Per come ripetutamente chiarito da questa Corte di legittimità (cfr., ex plurimís, Sez. 6, n. 8700 del 21/01/2013, Leonardo, Rv. 254584-01), la funzione tipica dell’impugnazione è quella della critica argomentata avverso il provvedimento cui si riferisce. Tale critica argomentata si realizza attraverso la presentazione di motivi che, a pena di inammissibilità (artt. 581 e 591 cod. proc. pen.), devono indicare specificamente le ragioni di diritto e gli elementi di fatt che sorreggono ogni richiesta. Contenuto essenziale dell’atto di impugnazione, cioè, è innanzitutto e indefettibilmente il confronto puntuale (con specifica indicazione delle ragioni di diritto e degli elementi di fatto che fondano dissenso) con le argomentazioni del provvedimento il cui dispositivo si contesta. Risulta di chiara evidenza, pertanto, che se il motivo di ricorso, come nel caso in esame, non si confronta con la motivazione della sentenza impugnata, per ciò solo si destina all’inammissibilità, venendo meno in radice l’unica funzione per la quale è previsto e ammesso (la critica argomentata al provvedimento).
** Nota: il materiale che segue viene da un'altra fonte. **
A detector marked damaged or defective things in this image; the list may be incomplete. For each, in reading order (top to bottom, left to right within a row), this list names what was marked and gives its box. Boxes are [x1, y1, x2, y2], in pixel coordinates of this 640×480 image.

E’ inammissibile, quindi, il ricorso per cassazione che riproduce e reitera gli stessi motivi prospettati con l’atto di appello e motivatamente respinti in secondo grado, senza confrontarsi criticamente con gli argomenti utilizzati nel provvedimento impugnato ma limitandosi, in maniera generica, a lamentare una presunta carenza o illogicità della motivazione (così, tra le altre: Sez. 2, n. 27816 del 22/03/2019, COGNOME, Rv. 276970-01; Sez. 3, n. 44882 del 18/07/2014, COGNOME, Rv. 260608-01; Sez. 6, n. 20377 del 11/03/2009, COGNOME, Rv. 243838-01).
All’inammissibilità del ricorso segue, per legge, la condanna della ricorrente al pagamento delle spese processuali ed alla somma di euro 3.000,00 in favore della Cassa delle ammende, non ravvisandosi ragioni di esonero (Corte Cost., sent. n. 186/2000).
P. Q. M.
Dichiara inammissibile il ricorso e condanna la ricorrente al pagamento delle spese processuali e della somma di euro 3.000,00 in favore della Cassa delle ammende.